● Directions: From the line that has "6 Livingstone Street, Beaufort VIC 3373" down to the last line of the data below, set down every line exactly, but none of the pictures.

::: Given records :::

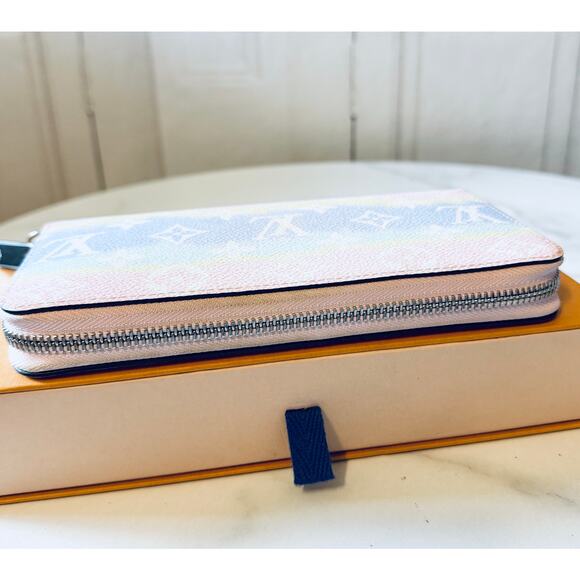 Louis Vuitton Monogram Escale Zippy Wallet Pastel - Picture 7 of 8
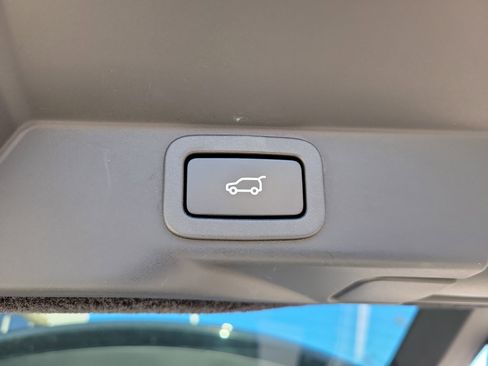 Used 2019 Land Rover Range Rover Sport HSE Dynamic image 12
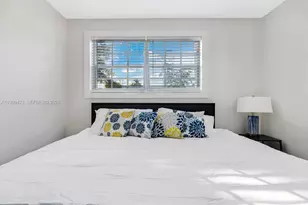 38 Miami Gardens Rd, West Park, FL 33023 - Photo 19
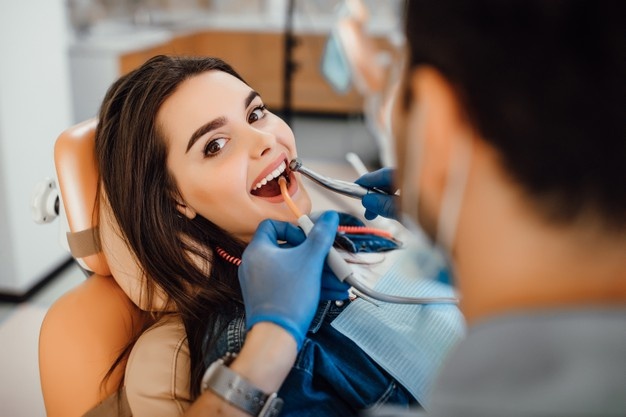 dental technician vs dental assistant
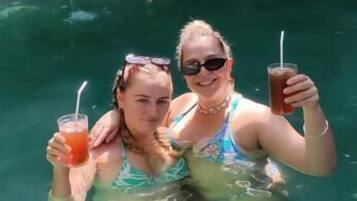 Een buitenzwembad en ligstoelen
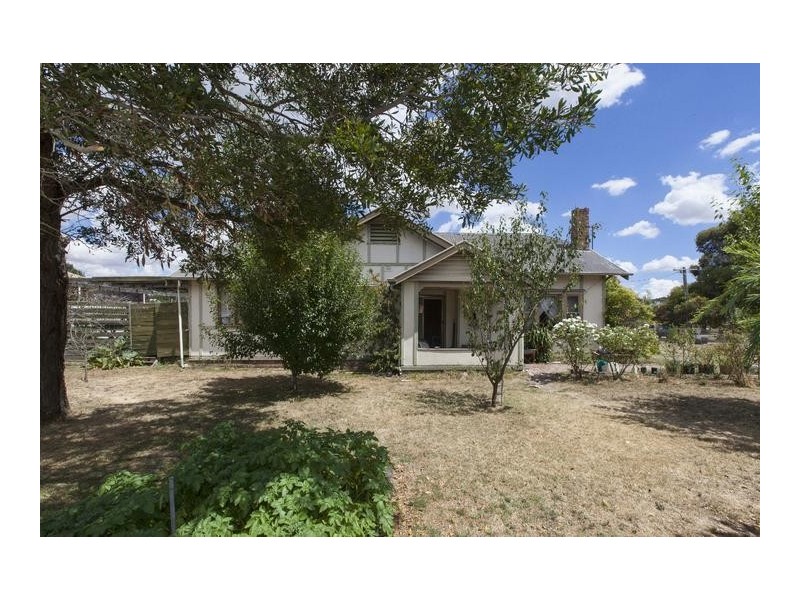 6 Livingstone Street, Beaufort VIC 3373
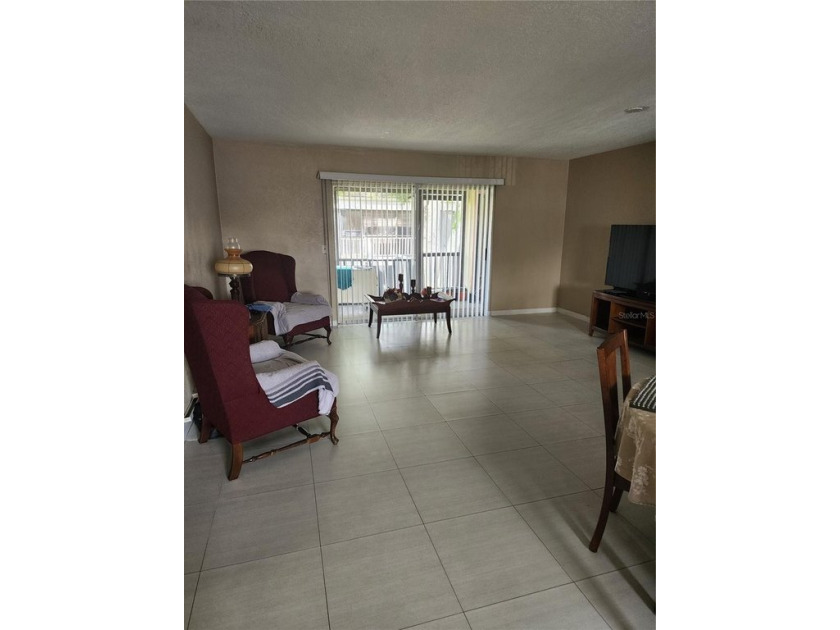 Nice 4-bedroom, 2-bathroom condo. 2nd floor unit. Large open - Beach Condo for sale in Tampa, Florida on Beachhouse.com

:::

● Reply to the task:
 6 Livingstone Street, Beaufort VIC 3373
 Nice 4-bedroom, 2-bathroom condo. 2nd floor unit. Large open - Beach Condo for sale in Tampa, Florida on Beachhouse.com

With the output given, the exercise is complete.